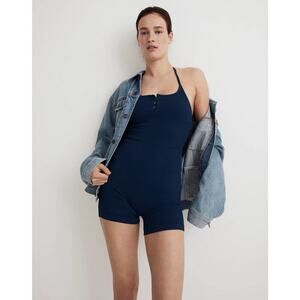Madewell MWL Seamless Halter Biker Unitard in Classic Indigo Size XXS-XS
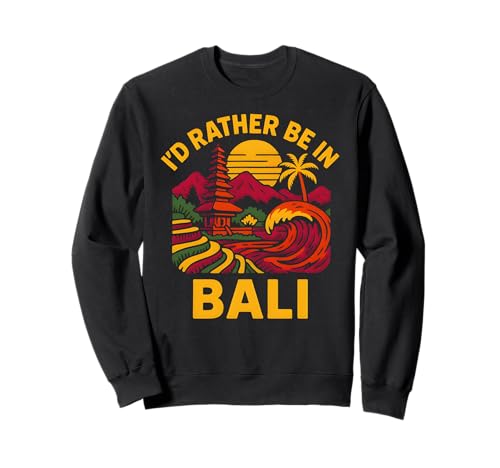Beach Id Rather Be in Bali Vintage Damen Coastal Living Sweatshirt Beach Id Rather Be in Bali Vintage Damen Coastal Living Sweatshirt von Bali Palm Trees Sunshine Surfs Up Skateboarding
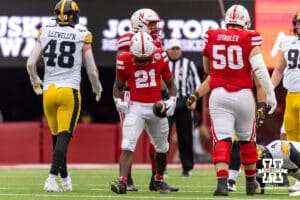 Nebraska Cornhusker running back Emmett Johnson (21) celebrates a run in the first quarter against the Iowa Hawkeyes during a college football game on Friday, Nov. 28, 2025, in Lincoln, Nebraska. Photo by John S. Peterson.
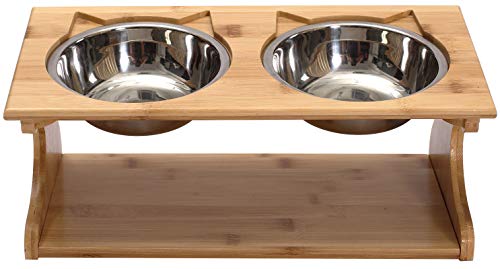 Geyecete- Cuenco de Mesa para Gatos ,Comedero Elevado para Mascotas con Soporte de Madera, dispensador de Comida para Cachorro Gatito,Altura Fija, Platos de Agua y Comida-2 Cuencos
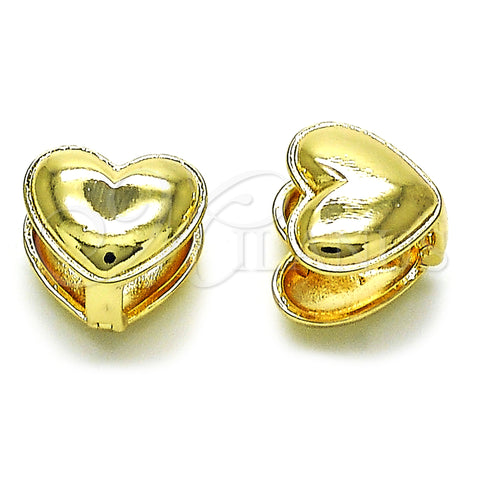 Oro Laminado Huggie Hoop, Gold Filled Style Heart Design, Polished, Golden Finish, 02.195.0283.14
###
Task description: Reproduce the material in full, word for word, and omit the pictures.

Response area:
Madewell MWL Seamless Halter Biker Unitard in Classic Indigo Size XXS-XS
Beach Id Rather Be in Bali Vintage Damen Coastal Living Sweatshirt Beach Id Rather Be in Bali Vintage Damen Coastal Living Sweatshirt von Bali Palm Trees Sunshine Surfs Up Skateboarding
 Nebraska Cornhusker running back Emmett Johnson (21) celebrates a run in the first quarter against the Iowa Hawkeyes during a college football game on Friday, Nov. 28, 2025, in Lincoln, Nebraska. Photo by John S. Peterson.
 Geyecete- Cuenco de Mesa para Gatos ,Comedero Elevado para Mascotas con Soporte de Madera, dispensador de Comida para Cachorro Gatito,Altura Fija, Platos de Agua y Comida-2 Cuencos
 Oro Laminado Huggie Hoop, Gold Filled Style Heart Design, Polished, Golden Finish, 02.195.0283.14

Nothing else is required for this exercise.